The Vision Pro paints a picture of a world in which your computer’s desktop is limited only to the size of the room you’re in. Of all the consumer headsets I’ve tried, Vision Pro offers the most convincing sense of points in space. This may not sound like a big thing, but it’s foundational to the experience even more so than those high-res displays. I’ve tried plenty of headsets over the years that promised a movie theater in a compact form factor. Sony, in particular, has been intrigued by the notion.

Those experiences feel exactly like what they are: a small display mounted in front of your eyes. From this perspective, I wholly understand early criticism that the product is effectively like having an iPhone strapped to your face. When people tell you that you have to experience the Vision Pro to appreciate what it can do, this is what they’re talking about.

This is the core of spatial computing — and by extension, the Vision Pro. It’s the “Minority Report” (really need to update my pop culture references) thing of picking up and moving computer files on a three-dimensional space in front of you. Here that means I can be sitting at my coffee table banging out an email on a Bluetooth keyboard, open Apple music and stick it off to the side. If I really want to go into multitasking overdrive, I can wallpaper my room in windows.

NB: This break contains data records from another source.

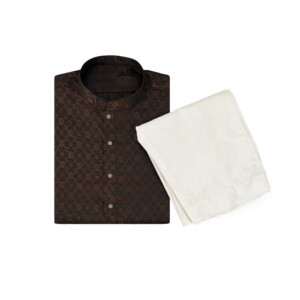 Crater Brown Wedding Jamawar suits uk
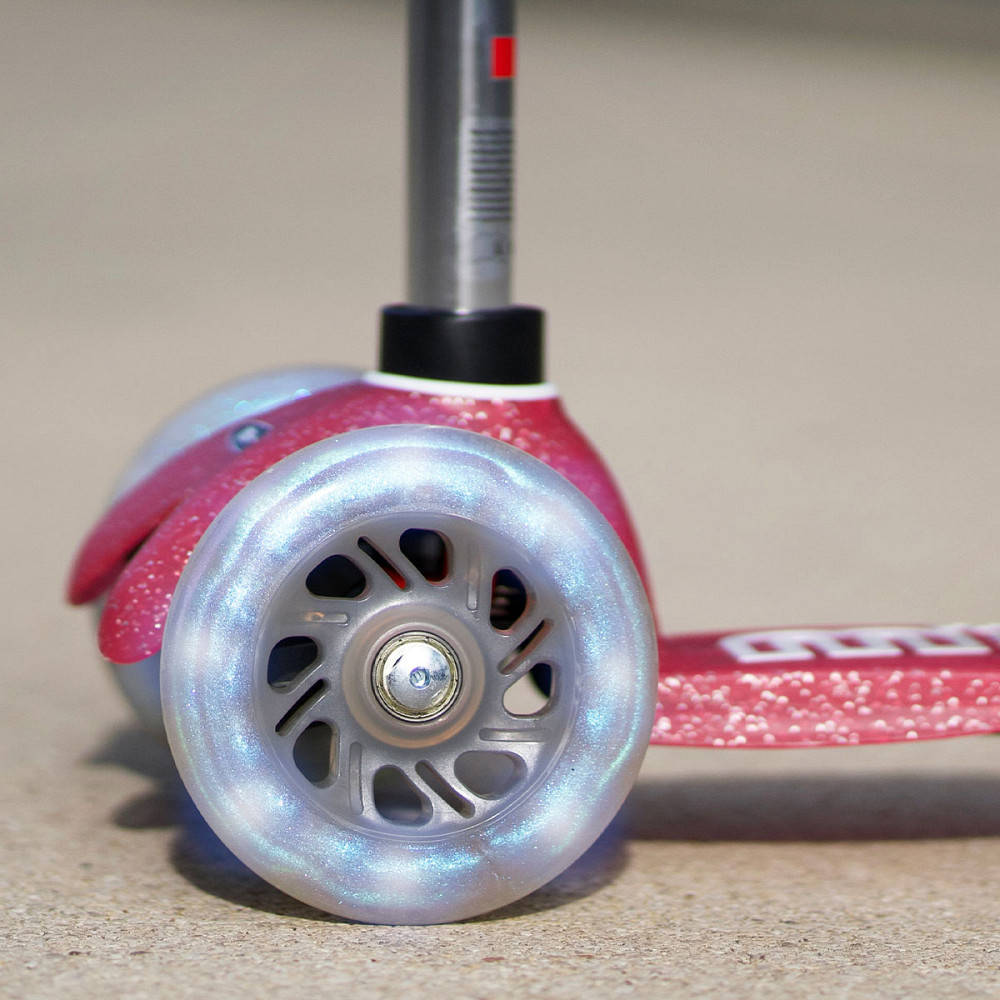 Самокат Micro серії Mini Deluxe Fairy Glitter LED – Рожевий Дніпро - фото 8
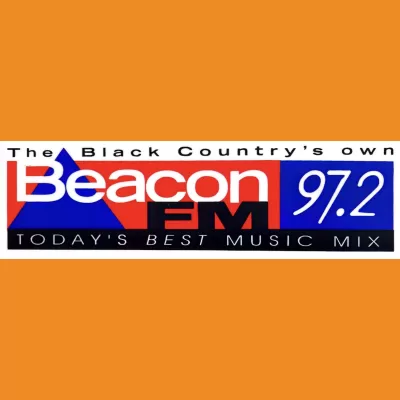 Beacon FM 97.2 Car Sticker 1990s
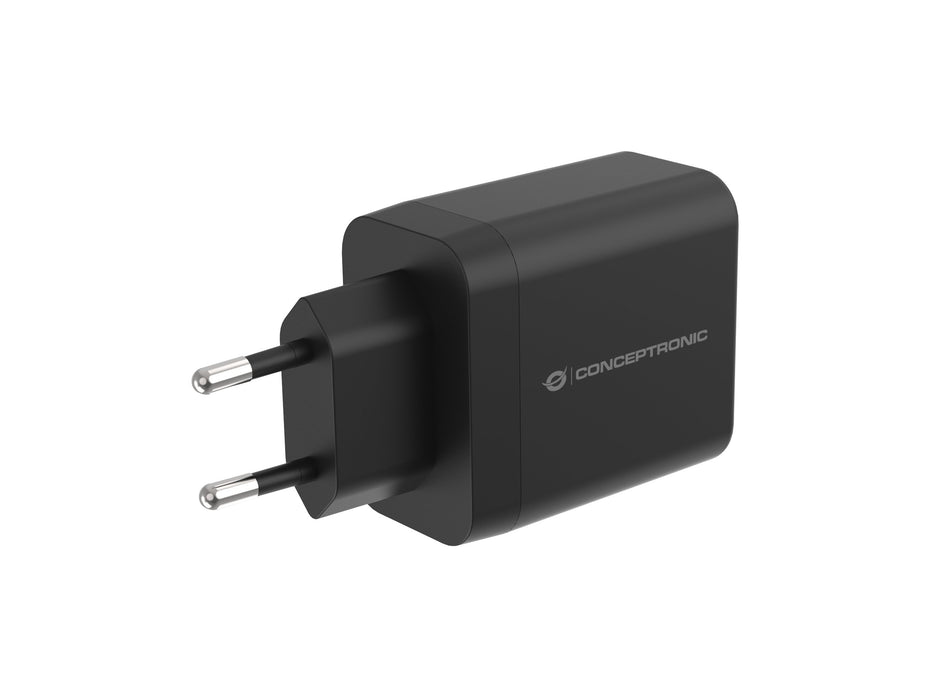 EAN 4015867244050 - Conceptronic ALTHEA20B45 cargador de dispositivo móvil Universal Negro Corriente alterna Carga rápida Int imagen 3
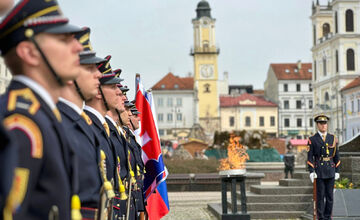 FOTO: V Banskej Bystrici si pripomenuli 81. výročie oslobodenia mesta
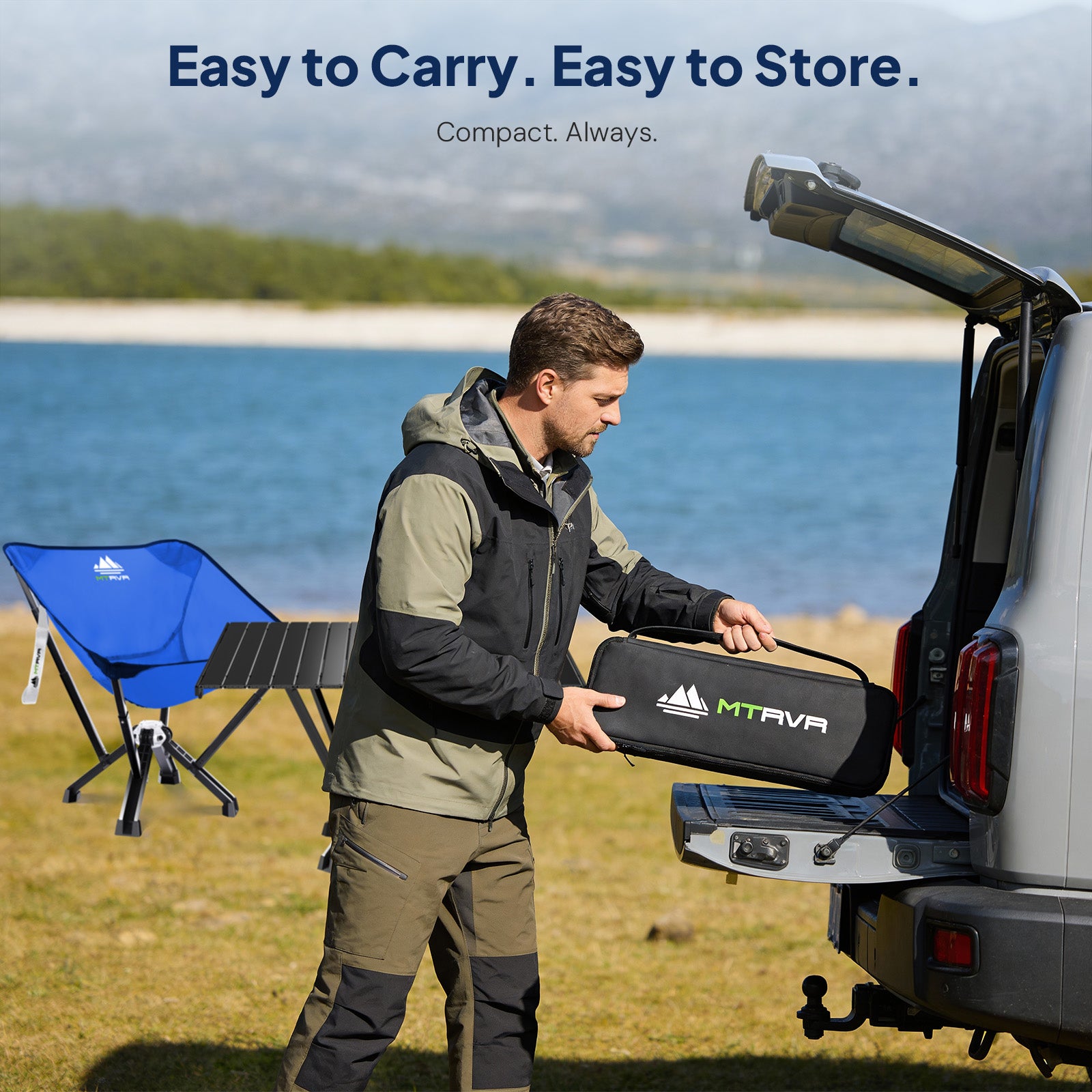 Heavy Duty Camping Chair 450 lbs | MTRVR Classic Folding Chair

This is one of the most interesting contrasts at the center of the experience. It’s neat, but it’s not, you know, sexy. It’s an extension of desktop computing that is potentially the future of multitasking. There are absolutely people for whom the phrase “the future of multitasking” presents the same frisson I get when I put on an Alice Coltrane record, but for most of us, multitasking is a necessary evil. If the Vision Pro is, indeed, the future of the Mac, then its ultimate destination is as a utility or tool.

It’s the device you use for document writing, email, Zoom and Slack. And then, at the end of the day, you watch “Monarch” on Apple TV or play a bit of the new Sonic game on Apple Arcade. What it decidedly is not at present, however, is the wholly immersive gaming experience of a “Ready Player One.”